((
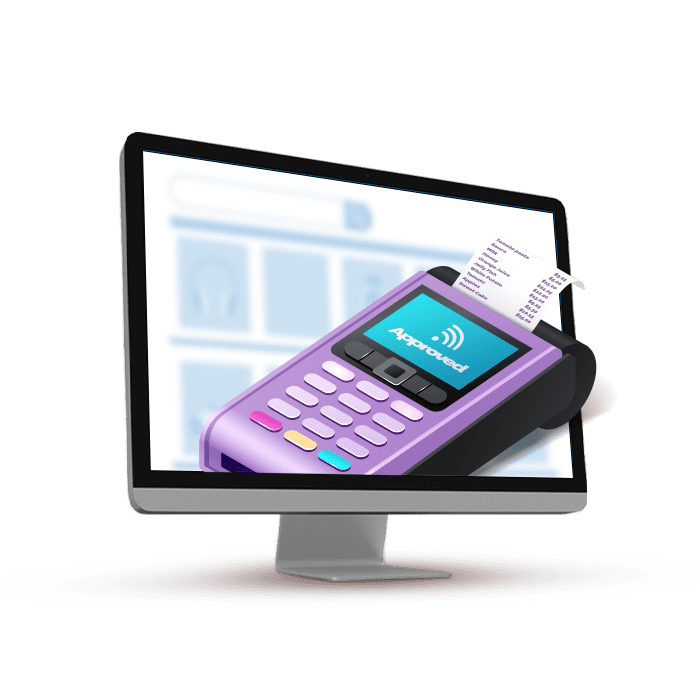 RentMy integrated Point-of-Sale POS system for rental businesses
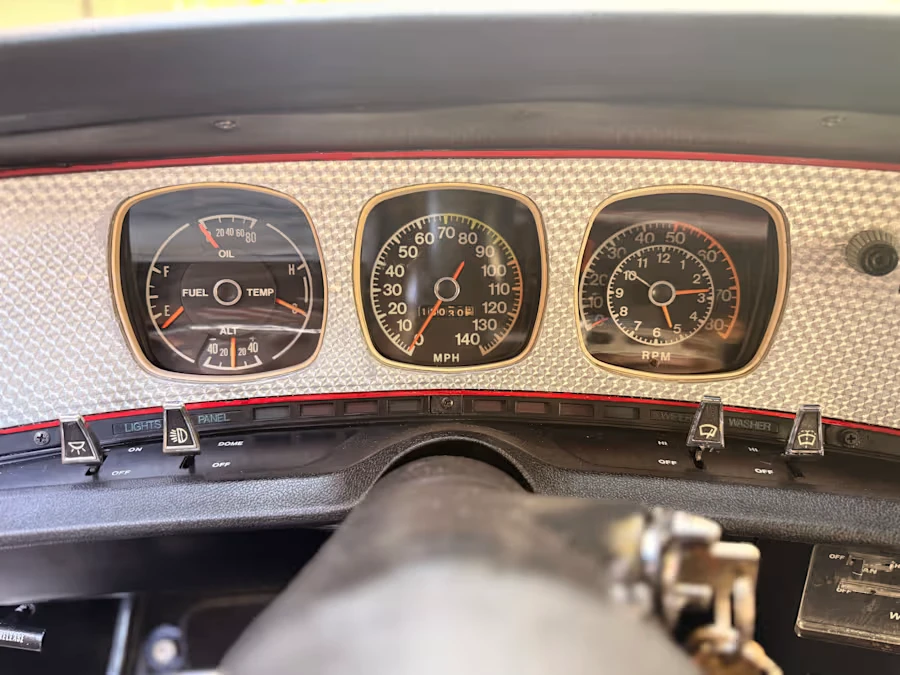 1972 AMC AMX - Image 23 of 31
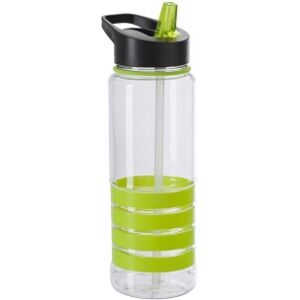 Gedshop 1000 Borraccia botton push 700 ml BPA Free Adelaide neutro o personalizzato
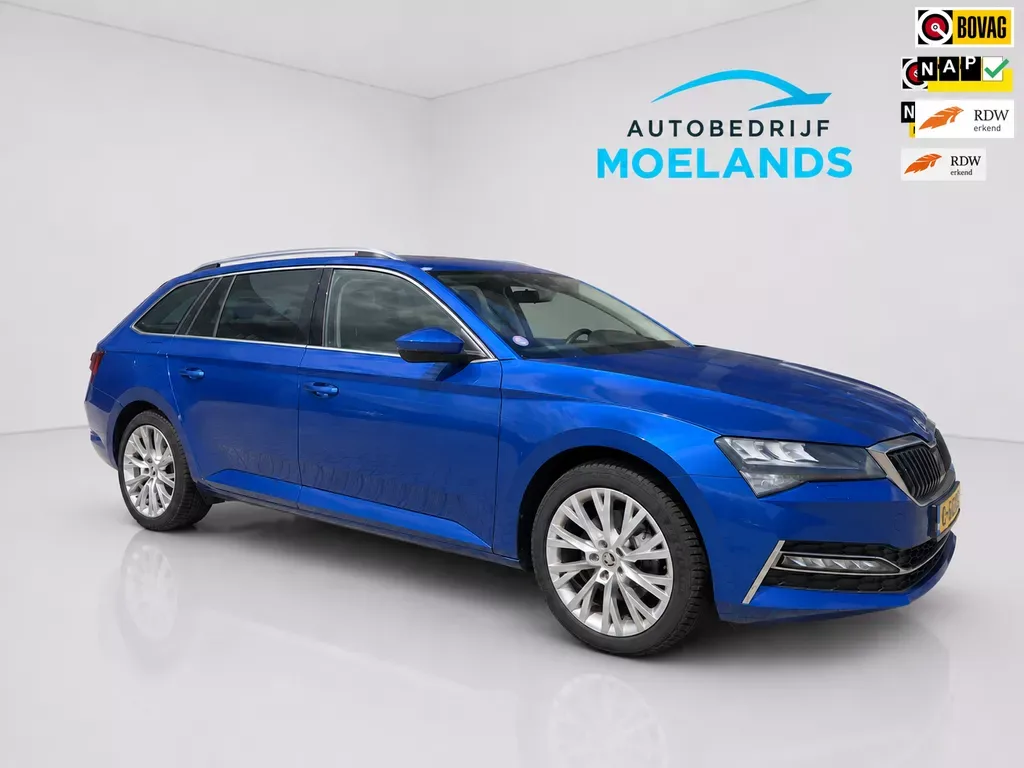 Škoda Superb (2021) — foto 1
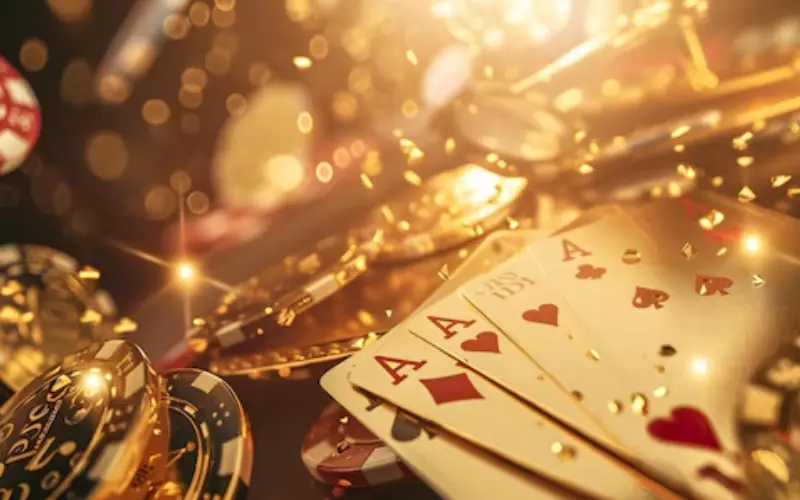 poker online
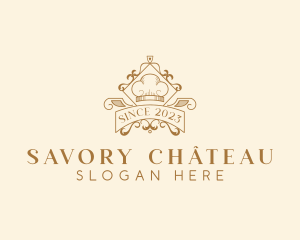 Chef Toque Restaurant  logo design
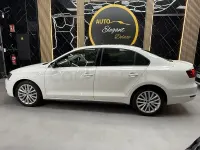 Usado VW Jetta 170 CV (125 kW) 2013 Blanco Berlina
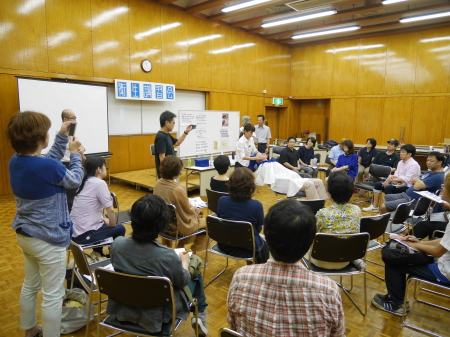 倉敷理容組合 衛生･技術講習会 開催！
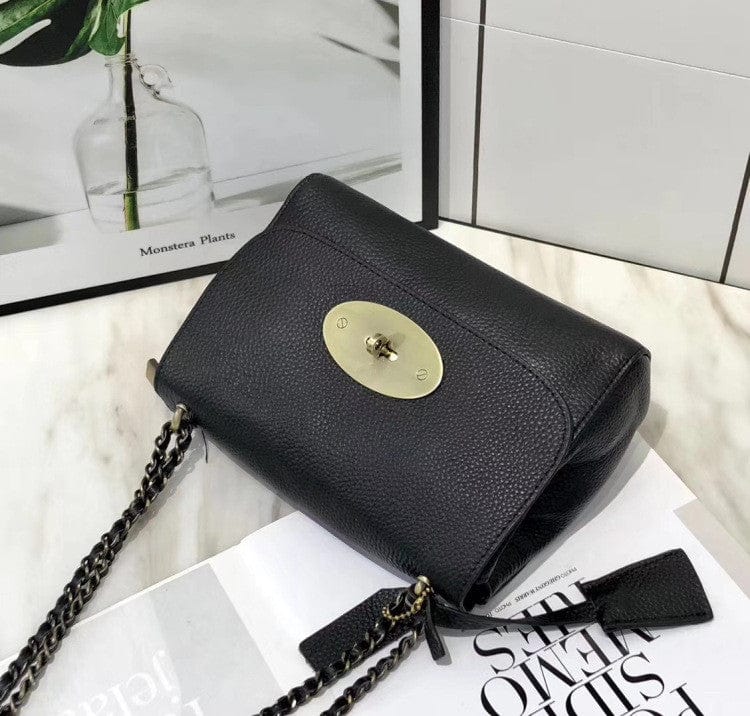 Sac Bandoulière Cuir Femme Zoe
))
> **AIM OF THE EXERCISE**:
Could you set down the records above exactly, skipping any picture?

> **RESPONSE TO THIS TASK**:
 RentMy integrated Point-of-Sale POS system for rental businesses
 1972 AMC AMX - Image 23 of 31
 Gedshop 1000 Borraccia botton push 700 ml BPA Free Adelaide neutro o personalizzato
 Škoda Superb (2021) — foto 1
 poker online
 Chef Toque Restaurant  logo design
 Usado VW Jetta 170 CV (125 kW) 2013 Blanco Berlina
 倉敷理容組合 衛生･技術講習会 開催！
 Sac Bandoulière Cuir Femme Zoe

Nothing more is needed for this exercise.